Research and industry have recognized the potential of alkaline AEM electrolysis and expect a fast technology development during the next decade. Fraunhofer IFAM and Sunfire, together with Canadian materials partner Ionomr Innovations, are now launching the “Integrate” research project to apply the promising technology on an industrial scale.
To produce cost-effective green hydrogen, industry and energy companies need efficient electrolyzers on a large scale. Technologies such as pressurized alkaline or high-temperature electrolysis are already being installed in industrial environments. Another approach that shows great promise is the anion exchange membrane (AEM) technology.
AEM electrolysis combines the respective technical advantages of polymer exchange membrane electrolysis (PEM) and alkaline electrolysis (AEL). High power density, flexibility and high gas purity are qualities that AEM technology has in common with PEM technology. In addition, AEM technology is characterized by its cheap and non-critical materials – similar to AEL technology. Thus, AEM electrolysis has the potential to set new standards in the electrolysis market regarding both operating and investment costs.

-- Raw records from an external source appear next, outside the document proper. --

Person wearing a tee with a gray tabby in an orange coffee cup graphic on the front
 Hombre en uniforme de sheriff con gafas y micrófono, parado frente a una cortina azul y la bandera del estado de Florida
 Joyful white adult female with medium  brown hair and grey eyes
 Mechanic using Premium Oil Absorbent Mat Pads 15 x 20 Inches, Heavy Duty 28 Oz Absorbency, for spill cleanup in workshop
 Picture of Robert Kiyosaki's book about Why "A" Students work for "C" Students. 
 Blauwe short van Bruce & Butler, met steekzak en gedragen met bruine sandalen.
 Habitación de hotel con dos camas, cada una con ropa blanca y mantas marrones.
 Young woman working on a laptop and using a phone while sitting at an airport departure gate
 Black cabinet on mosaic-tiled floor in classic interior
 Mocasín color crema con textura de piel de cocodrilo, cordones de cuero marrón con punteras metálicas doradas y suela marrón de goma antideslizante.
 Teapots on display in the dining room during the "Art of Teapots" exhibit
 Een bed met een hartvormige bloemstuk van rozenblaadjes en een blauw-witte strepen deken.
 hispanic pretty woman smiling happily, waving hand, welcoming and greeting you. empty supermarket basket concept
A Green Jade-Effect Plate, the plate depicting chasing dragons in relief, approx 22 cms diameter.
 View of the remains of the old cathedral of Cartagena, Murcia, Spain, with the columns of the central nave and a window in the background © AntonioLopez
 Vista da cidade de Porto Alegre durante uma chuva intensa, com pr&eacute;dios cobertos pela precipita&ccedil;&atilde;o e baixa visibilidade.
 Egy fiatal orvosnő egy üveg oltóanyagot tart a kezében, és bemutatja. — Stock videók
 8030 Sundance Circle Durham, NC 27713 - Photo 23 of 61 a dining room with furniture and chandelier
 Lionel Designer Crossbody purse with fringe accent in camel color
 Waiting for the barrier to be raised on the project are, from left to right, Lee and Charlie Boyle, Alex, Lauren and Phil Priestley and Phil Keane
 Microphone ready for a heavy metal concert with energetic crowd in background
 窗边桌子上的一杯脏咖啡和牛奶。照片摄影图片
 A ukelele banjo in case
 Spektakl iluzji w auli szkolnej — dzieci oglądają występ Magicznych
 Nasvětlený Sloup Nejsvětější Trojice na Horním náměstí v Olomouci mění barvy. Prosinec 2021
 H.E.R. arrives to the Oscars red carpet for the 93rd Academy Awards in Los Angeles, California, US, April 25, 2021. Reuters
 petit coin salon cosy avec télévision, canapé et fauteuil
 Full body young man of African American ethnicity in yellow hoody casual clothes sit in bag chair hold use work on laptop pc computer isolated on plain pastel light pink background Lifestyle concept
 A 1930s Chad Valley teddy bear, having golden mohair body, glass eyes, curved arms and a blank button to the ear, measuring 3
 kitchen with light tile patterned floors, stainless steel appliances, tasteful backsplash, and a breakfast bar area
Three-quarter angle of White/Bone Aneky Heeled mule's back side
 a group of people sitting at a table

Fraunhofer IFAM now also aims to validate these advantages within the “Integrate” project. Together with the electrolysis company Sunfire and the Canadian partners Ionomr Innovations, The National Research Council of Canada (NRC), the Simon Fraser University and the University of Alberta, the company is collaborating to develop an AEM electrolyzer in the upper double-digit kW range and to validate its technical feasibility under industrially relevant conditions for further scale-up.
At its Dresden site, Sunfire will provide a test stand with an electrolysis cell to measure the AEM stack’s performance. “With the ‘Integrate’ project, we are demonstrating our innovative strength and pioneering role in the globally growing electrolysis market,” says Sunfire CTO Christian von Olshausen. “We are proud to partner with high-caliber technology and research partners and to strengthen our German Canadian collaboration.”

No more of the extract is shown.